In the illustrated embodiment, a convection shell 144 (e.g. window) permits passage of the radiation 64 toward the permeable barrier 122. The permeable barrier, selective barrier, or semi-permeable, or selectively permeable barrier 122 effectively passes selectively the hydrogen into the chamber 124. In some embodiments, the permeable barrier 122 may be not permeable, and may simply be a material barrier in order to pass heat into the chamber 124. This would relegate the collector core 143 into a simple solar energy collector converting radiation 64 into heat at the barrier 122, to be transferred by convection into the flow 152 through the chamber 124.
Typically, a wall 146 of the convection shell 144 may be transparent to the radiation 64 at the frequencies thereof. Accordingly, a water flow 148 through the chamber 120 may absorb some of the radiation 64, but allow much of it to pass through to the barrier 122. The barrier 122 typically absorbs the radiant energy 64, converting it to thermal energy that can be convected back from the barrier 122 into the water flow 148 in the chamber 120.
Typically, the surface 150 of the barrier 122 is a catalyzed surface promoting dissociation of the water flow 148 into its constituent oxygen and hydrogen. Accordingly, the flow 152 in such an embodiment is or contains hydrogen dissociated out of the water flow 148. Optionally, the surface 154 on the inner diameter of the barrier 122 may also be a catalyzed surface promoting catalytic conversion of the hydrogen from the flow 152 into ammonia.
For example, if the flow 152 includes a sweep gas 126 comprising nitrogen, and the temperatures are appropriate with a catalytic surface 154, then hydrogen passing through the semi-permeable barrier 122 into the chamber 124 may react at a particularly suitable threshold energy level, or a substantial fraction may react when energized to the appropriate threshold level, such that catalysis on the catalytic surface 154 may provide a very high reaction rate or sufficiently high reaction rate to convert substantially all of the hydrogen in the flow 152 into ammonia.
Referring to FIG. 6, a semi-permeable barrier 122 in certain embodiments may be a proton conductor. Chemical and diffusion processes may be completely adequate through semi-permeable barriers 122. In certain embodiments, the catalyzed reactor 140 or some other semi-permeable barriers 122 may be formed as proton conductors. In such an embodiment, a wall may include a conductive mesh 156, 158 sandwiching a catalytic surface 152 and barrier membrane 160 therebetween.
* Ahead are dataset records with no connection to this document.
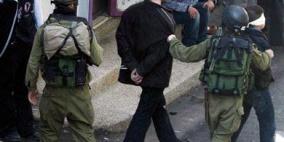 الاحتلال يعتقل ثلاثة مواطنين في الخليل
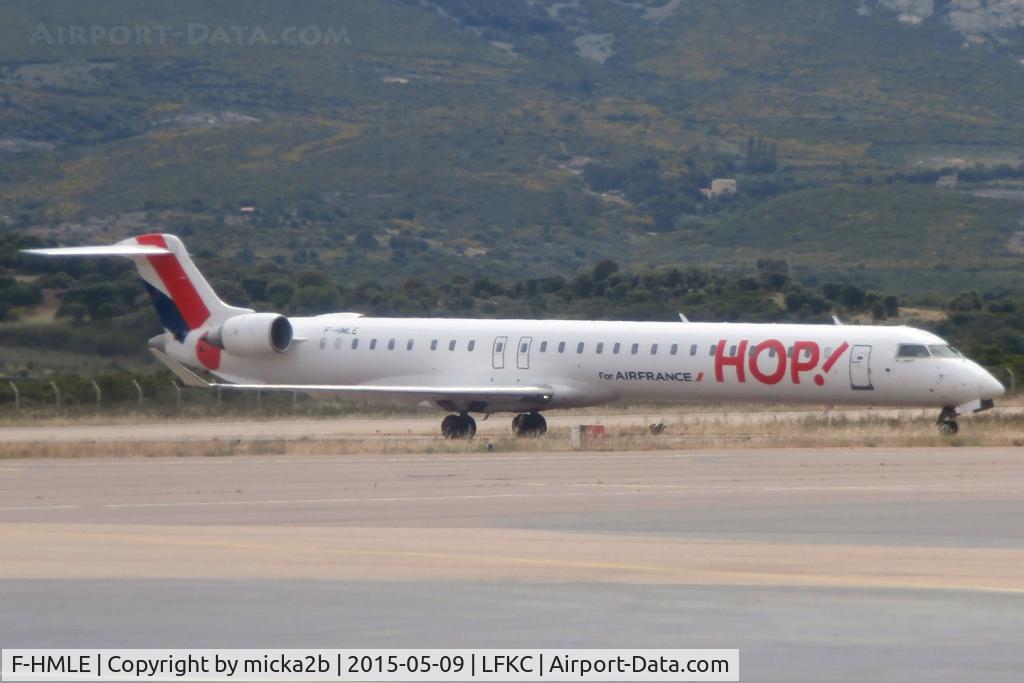 F-HMLE, 2010 Bombardier CRJ-1000EL NG (CL-600-2E25) C/N 19009, Taxiing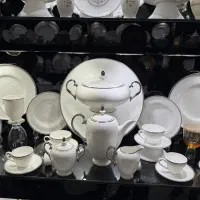 ظروف چینی ۹۰ پارچه ذرین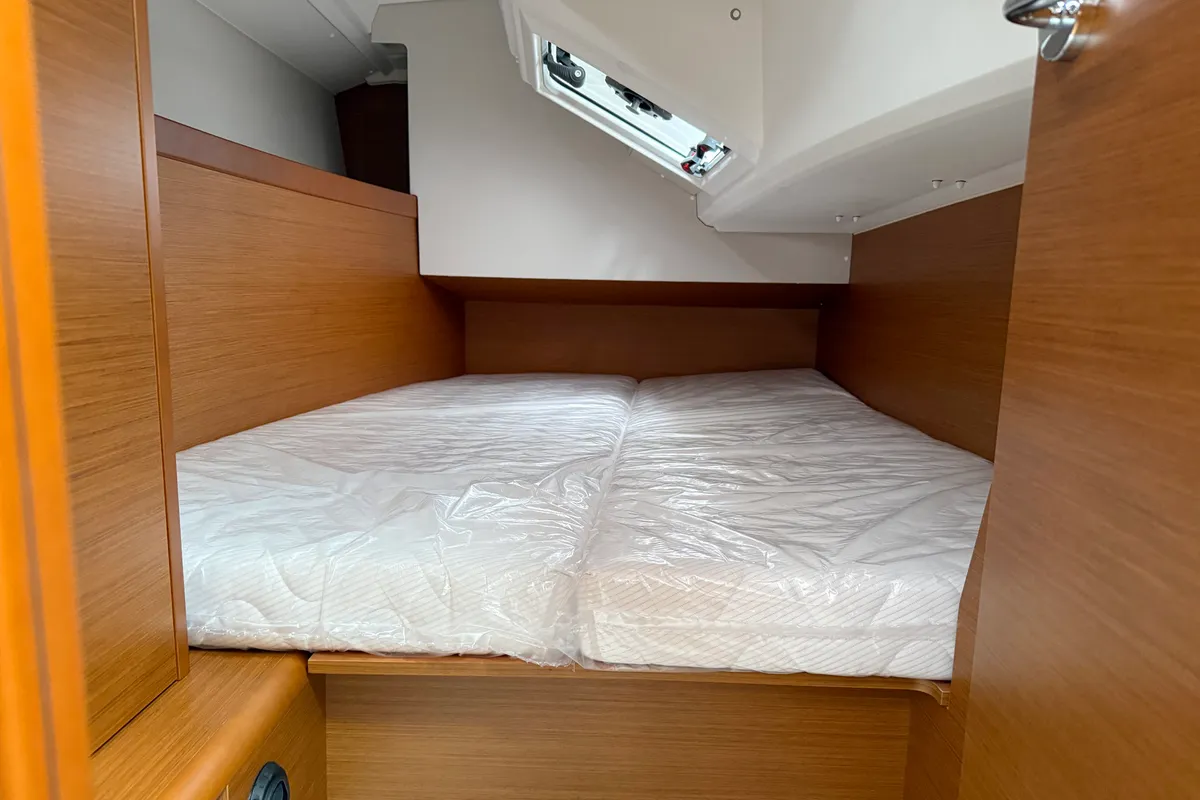 Cabin on Serineh, a Jeanneau Sun Odyssey 349 sailboat at Punat, Croatia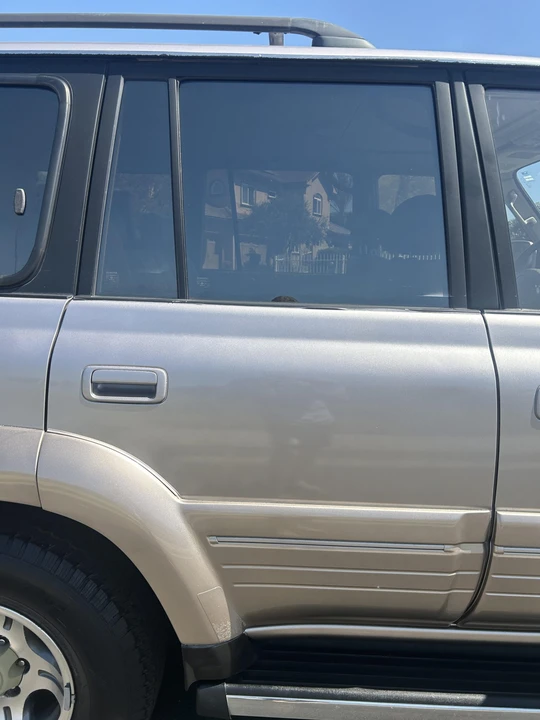 1996 Lexus LX 1st Gen - Image 10 of 31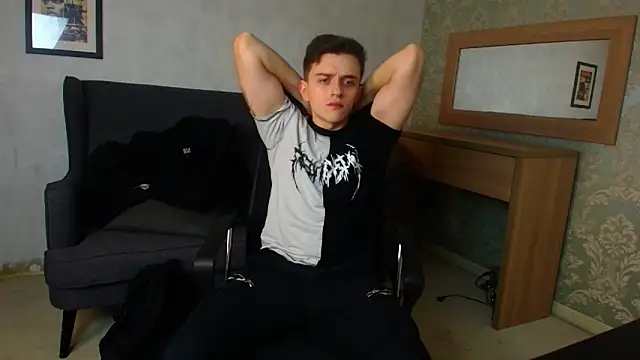 FelixStarkk online show from December 2025 04:55:01 AM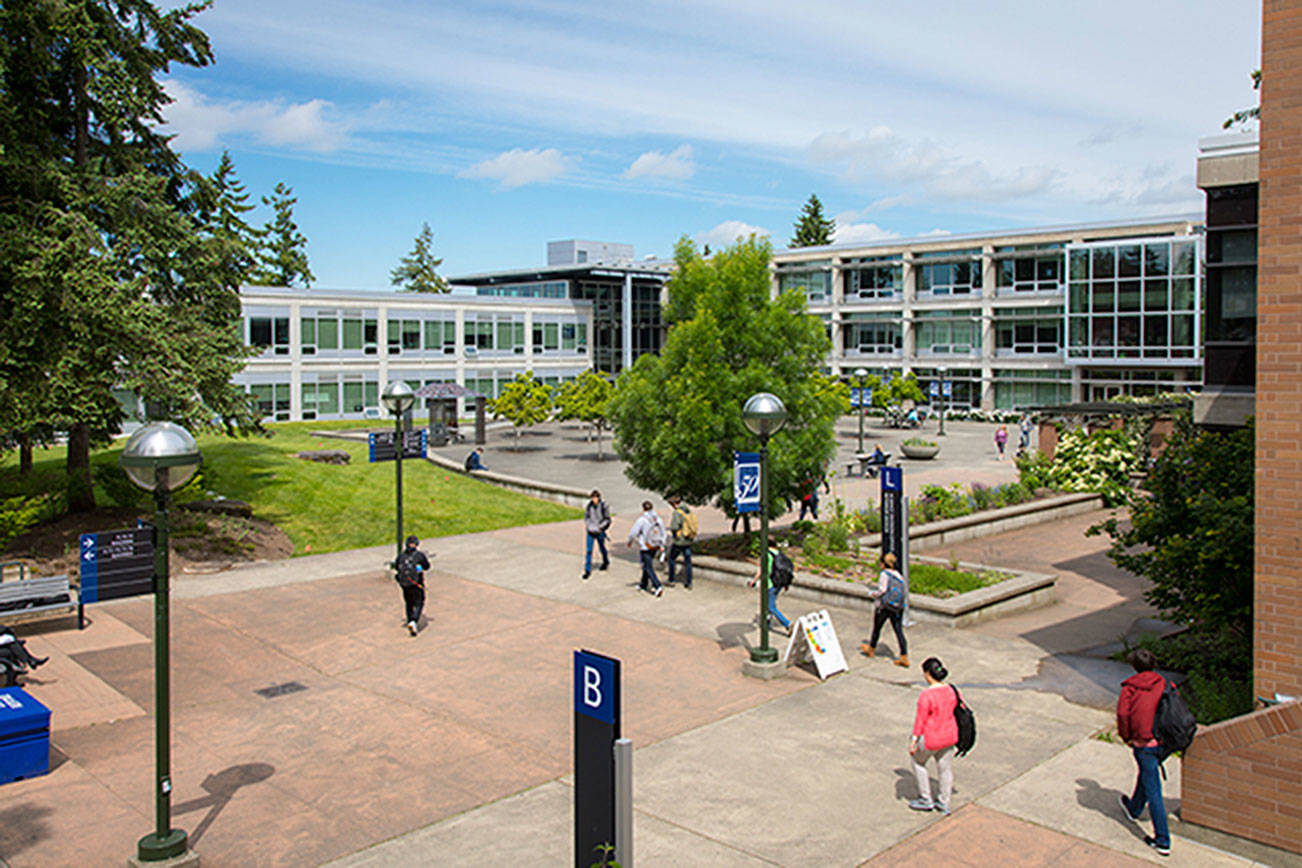 McKinstry names Bellevue College “Champion of Sustainability”
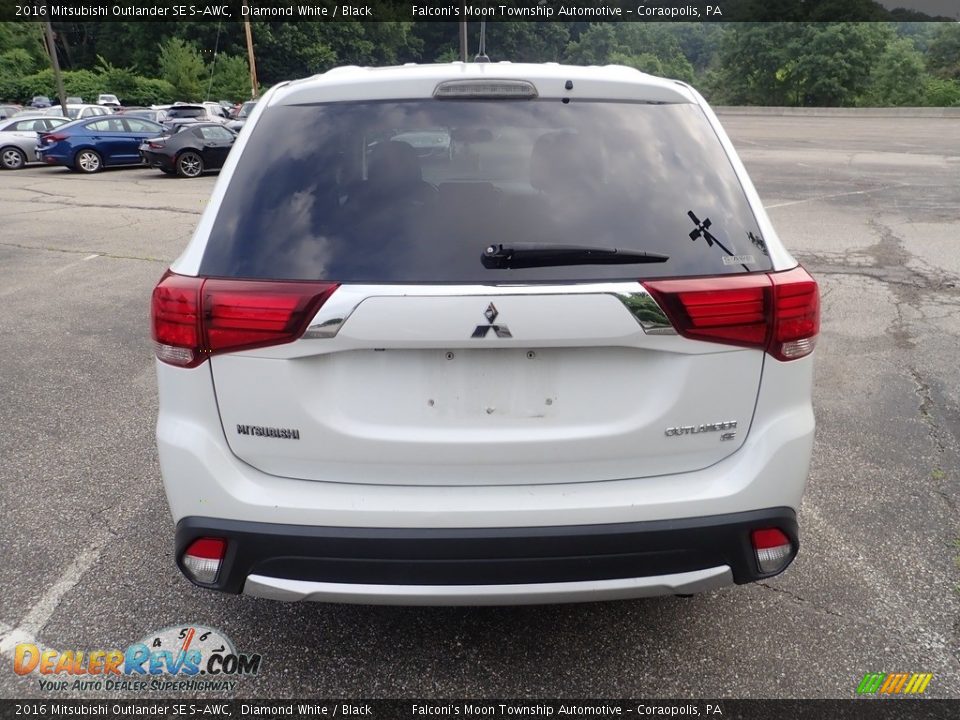 2016 Mitsubishi Outlander SE S-AWC Diamond White / Black Photo #3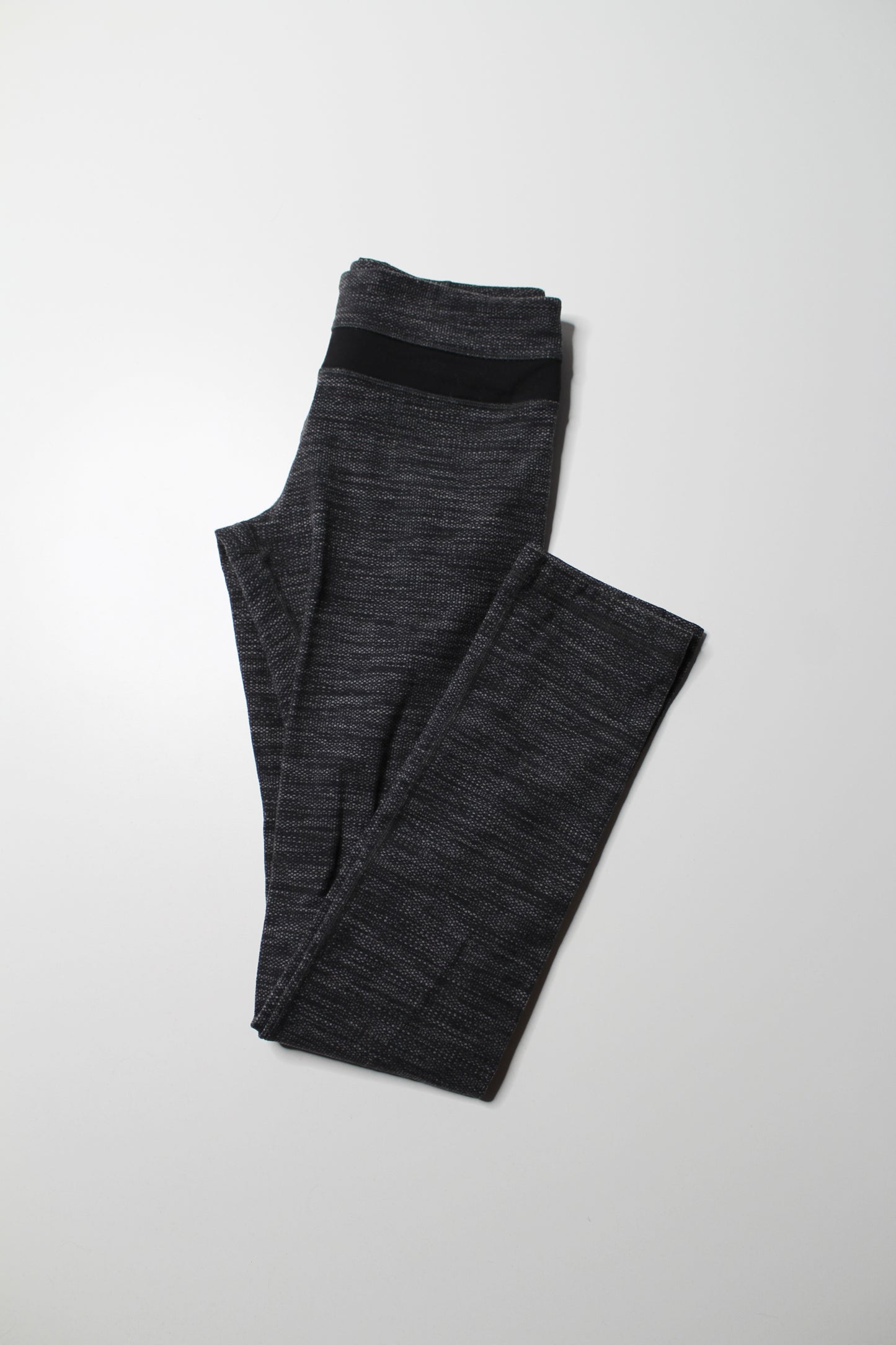 Lululemon mid rise straight leg skinny groove pant, size 4 (additional 50% off)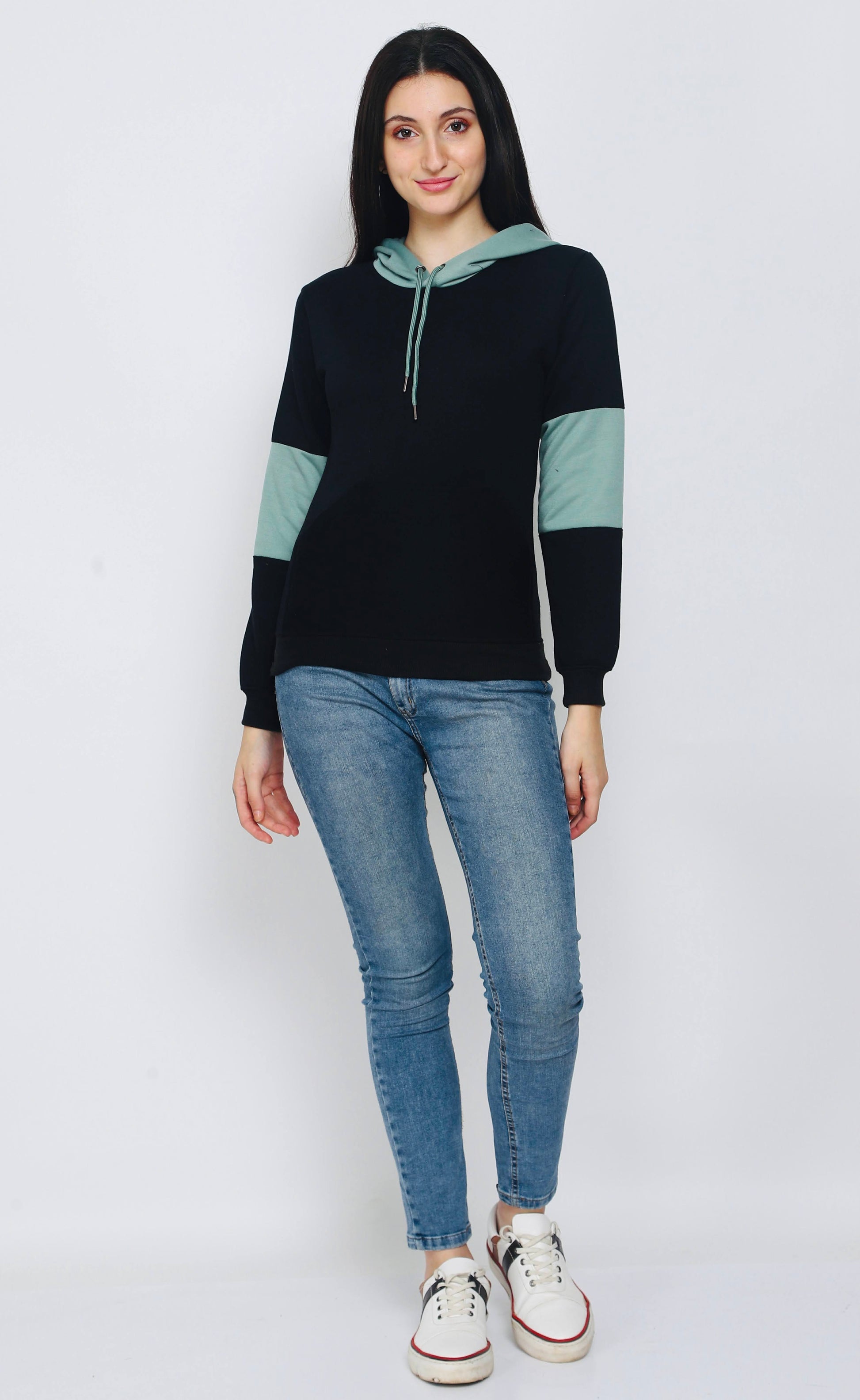 FLAMBOYANTTREND Colorblock Black Hoodie By Flamboyant Women's Hoodie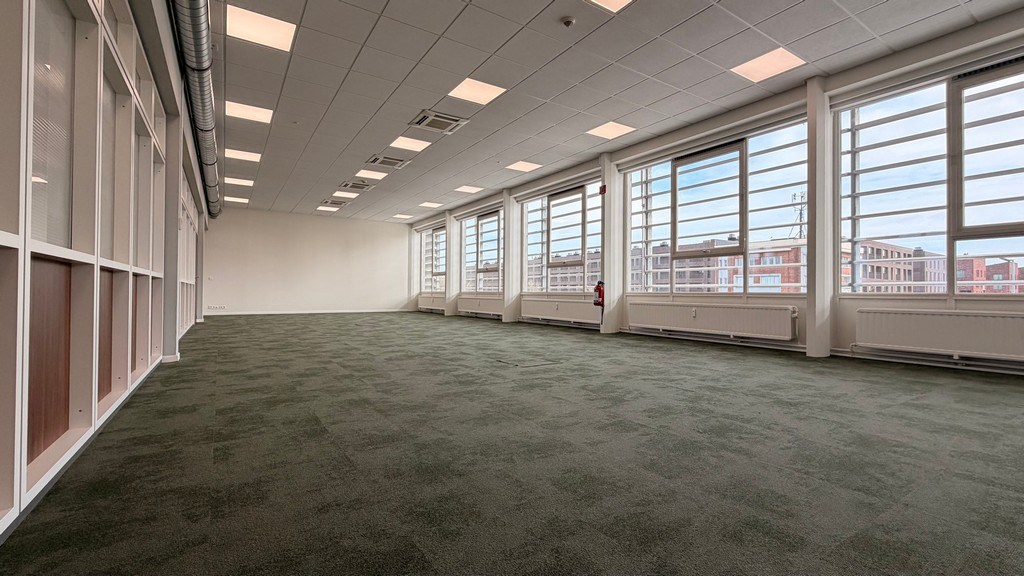 Kantoren en magazijn te huur in Ceka Center te Antwerpen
Electrical potential applied to the layers 156, 158 of conductive mesh, may provide an electrical drive potential for electrophoresis or electrically driven migration of certain species.
For example, in the illustrated schematic, a large multiply charged anion 162 may form the principal structure of a matrix, interspersed with certain comparatively large singly charged cations 164. In this matrix of large anions 162 and comparatively large cations 164, the comparatively small hydrogen ions 166 or protons 166 may pass through the barrier 155.
One of the benefits of an apparatus in accordance with FIG. 6 is the driving potential of electrophoresis, which can be substantial. Nevertheless, in experimental systems in accordance with the invention, the concentration-driven migration of hydrogen through a semi-permeable barrier 122 of porous ceramic has been found to provide practical efficiencies for production, separation, and collection of hydrogen.
To the extent that certain materials exist as glasses, such as a potassium hydrodisilicate in an amorphous structure as a proton conductor, electrolytically such a material becomes conductive near its softening point. Crystalline materials for conduction of protons tend to have a comparatively low conducting capacity. Oxometallates of the transition metals are used to increase proton conducting capacity, including titanates vanadates, chromates, zirconates, niobates, molybdates, hafnates, tantalates, and wolframates. Thus, the potassium hydrodisilicate glasses, doped with aluminum ions or other metals, such as boron ions or the oxometallates improve permeability and reduce operating temperatures.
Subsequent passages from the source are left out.